Here b, as usual, is the base, \( t^{1/t}=b \), u=log(t) and I assume my formula-substitution to get the Schroeder-equation \( f_b^{^oh}(x)= q_b( u^h*p_b(x)) =\sigma^{-1}(s^h\sigma(x)) \) from the diagonalization-method.
If I assume the transposed carleman-matrix Bb for x->b^x as diagonalizable, then I also assume formally for any iteration-height h
\( \hspace{24} B_b^h = W_b * dV(u)^h * W_b^{-1} \)
where Wb contains the set of eigenvectors of Bb.
Then the whole operation
\( \hspace{24} V(x)\sim * B_b^h = V(\exp_b^{^{o}h}(x))\sim \)
can be splitted into
\( \hspace{24} V(x)\sim * W_b * dV(u)^h * W_b^{-1} = V(\exp_b^{^oh}(x))\sim \)

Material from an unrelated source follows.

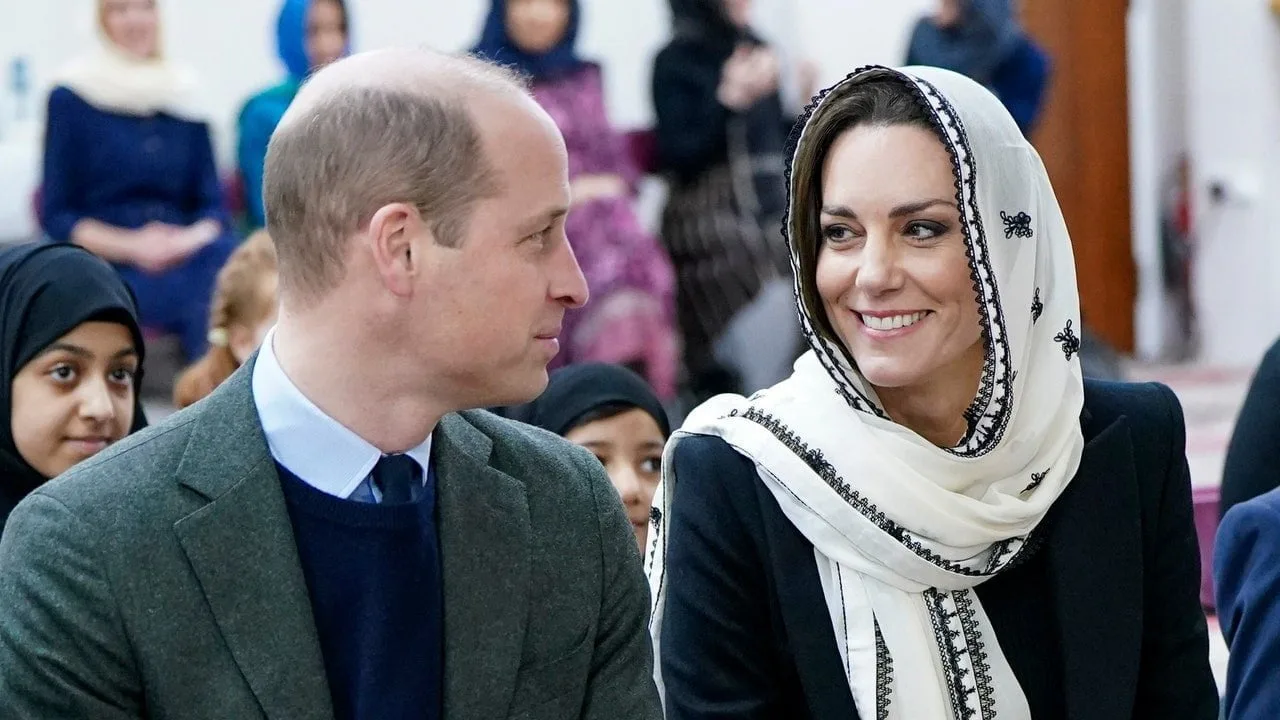 Prințul William și prințesa Kate mulțumesc organizatorilor de ajutor pentru cutremur care au ajutat Turcia și Siria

Here it would be nice, if Wb behaves as an "operator on powerseries", such that
\( \hspace{24} V(x)\sim * W_b = V(y)\sim \)
If this would be so, then also Wb^-1 would be such an operator and all argumentation simplifies.
Empirically for some convergent cases this seems to be true, so assuming this we can split our computation into three parts:
\( \hspace{24} V(x)\sim * W_b = V(y)\sim \)
\( \hspace{24} V(y)\sim * dV(u)^h = V(z)\sim \)
\( \hspace{24} V(z)\sim * W_b^{-1} = V(\exp_b^{^oh}(x))\sim \)
The value for y can be seen as evaluation of a powerseries in x, which uses the coefficients of the second column of Wb, and I denoted this as function \( y=p_b(x) \), which I understood as the function \( \sigma(x)) \) in your text.
Then \( V(y)\sim *dV(u)^h \) is \( V(p_b(x)*u^h)~ \) because both V(y) and V(u)^h are vandermonde-vectors and dV(u)^h is diagonal.
Then since Wb^-1 provides the coefficients for the inverse \( q_b(x) = p_b^{-1}(x) \) we have finally
\( \hspace{24} V(p_b(x)*u^h)~ *W_b^{-1} = V(q_b(u^h*p_b(x)))~ \)
which looks like a perfect match with the Schroeder-formula
\( \hspace{24} = V(\sigma^{-1}(s^h * \sigma(x)))~ \)
---------------------------------
So, what is the relation to my previous post?
I confess, I've difficulties myself to restate the problem as I've seen it in the morning. But let's try.
I was considering a sequence of computations
\( \hspace{24} f_b^{{^o}1}(x)= \sigma^{-1}(s*\sigma(x)) \)
\( \hspace{24} f_b^{{^o}2}(x)= \sigma^{-1}(s*\sigma(\sigma^{-1}(s*\sigma(x)))) = \sigma^{-1}(s*s*\sigma(x)) \)
...
and asked, why the heck does \( \sigma^{-1} \) know, that \( \sigma(x) \) has to appear at the top since all factors of this scalar equation have the same level and can arbitrarily be interchanged in the above sequence of computations...
Hmm...
Gottfried Helms, Kassel